WHAT YOU ARE ASKED TO DO
The lines below, from the one containing "New 2026 GMC" through the one containing "2013款 2.5L 自動(dòng)四驅(qū)豪華型", should be set down exactly, with no pictures and nothing else.

SOURCE RECORDS
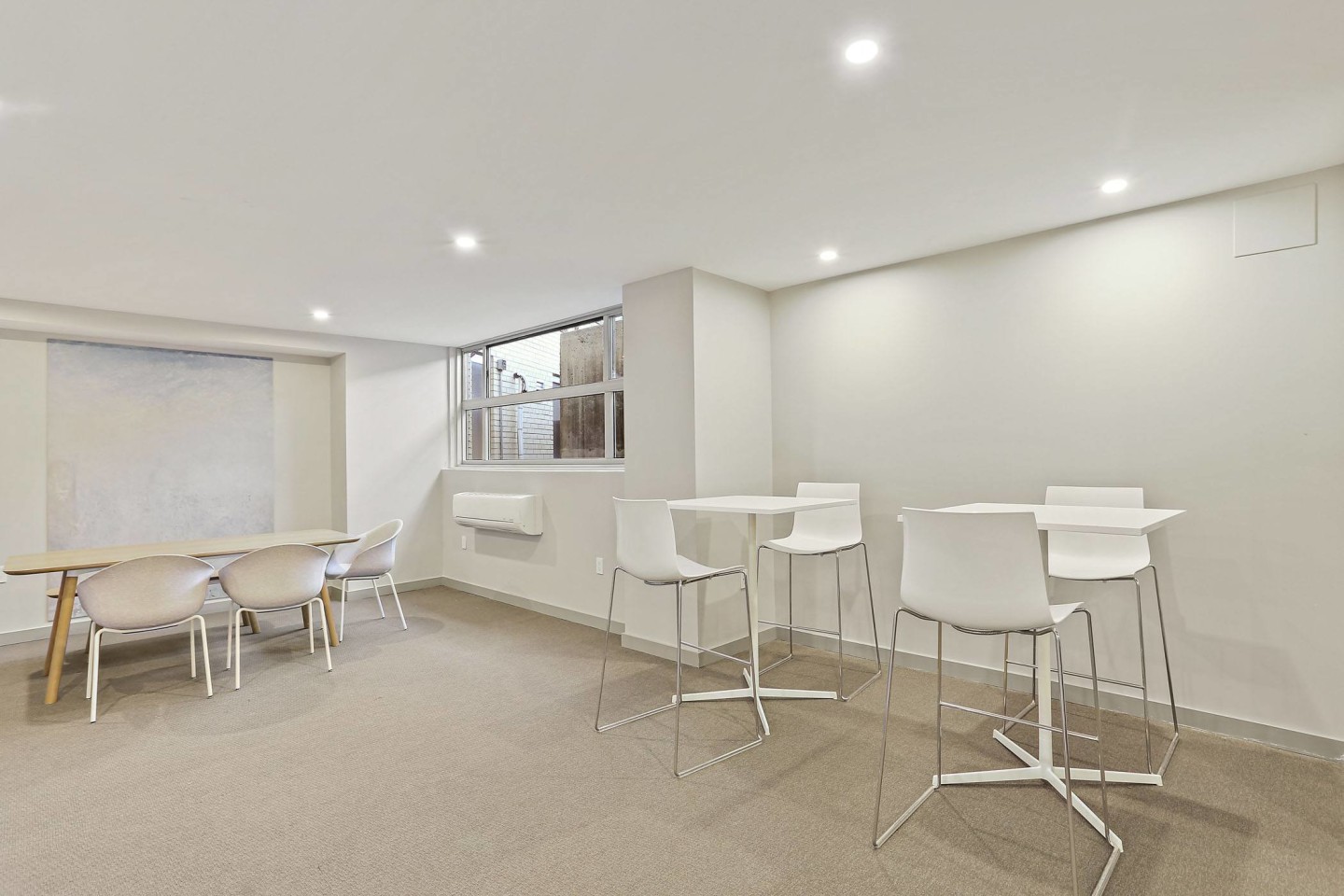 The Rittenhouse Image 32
==
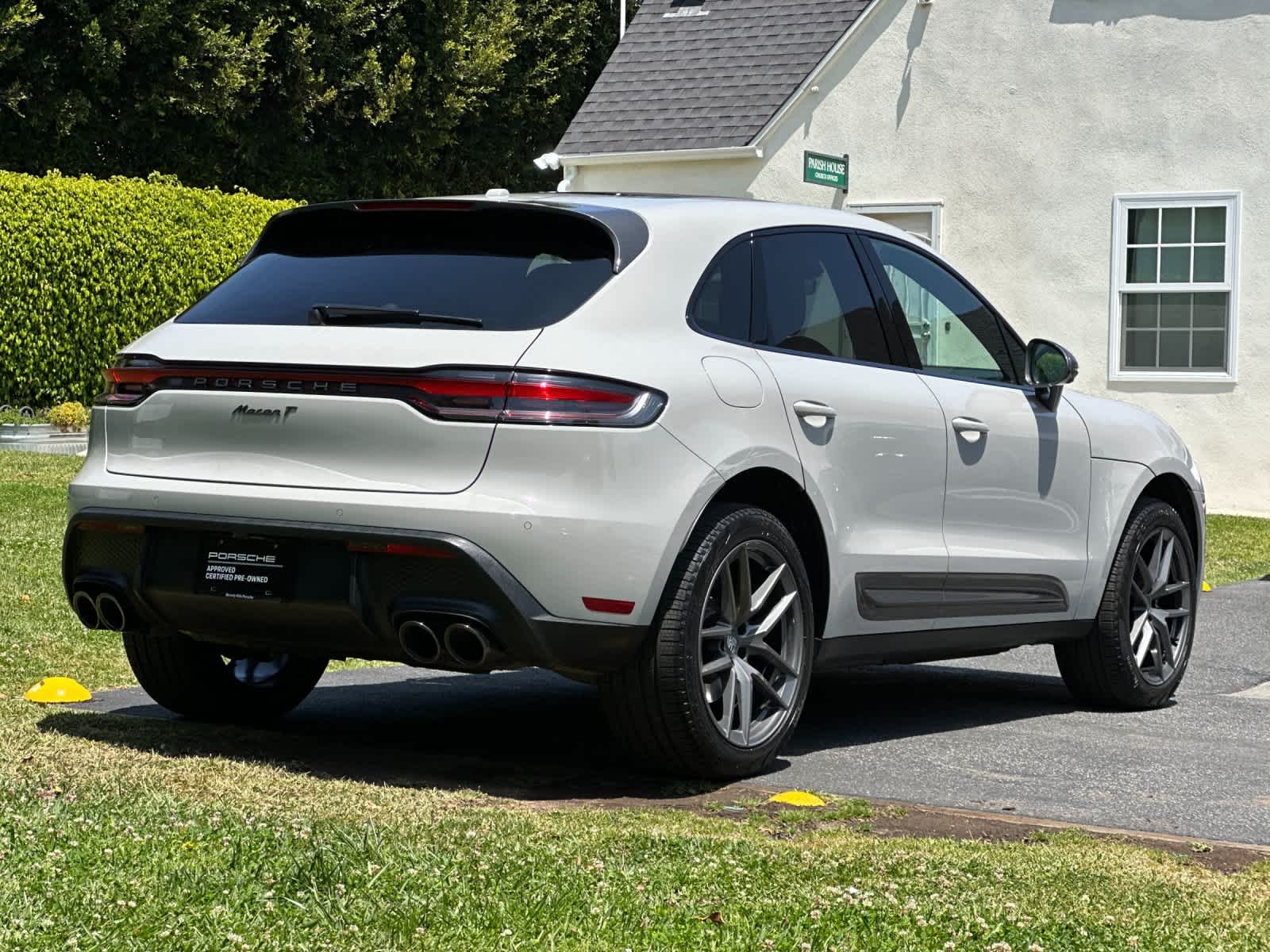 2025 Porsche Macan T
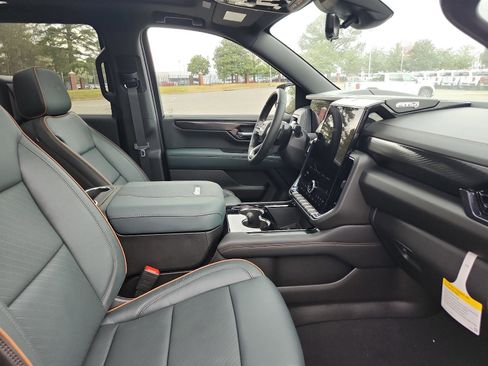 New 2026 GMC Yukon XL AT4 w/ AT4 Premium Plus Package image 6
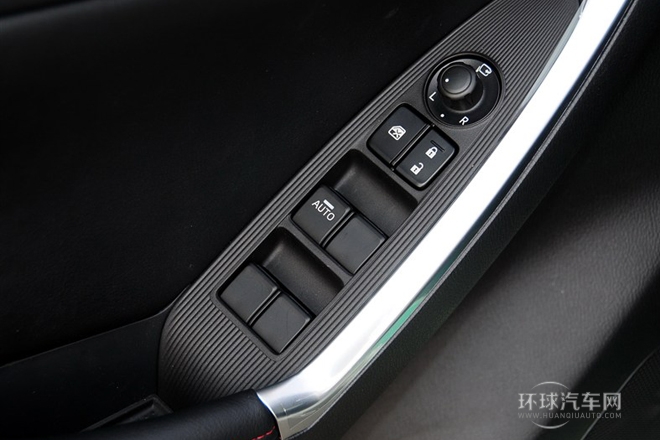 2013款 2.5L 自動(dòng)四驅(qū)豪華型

WRITTEN SOLUTION
 New 2026 GMC Yukon XL AT4 w/ AT4 Premium Plus Package image 6
 2013款 2.5L 自動(dòng)四驅(qū)豪華型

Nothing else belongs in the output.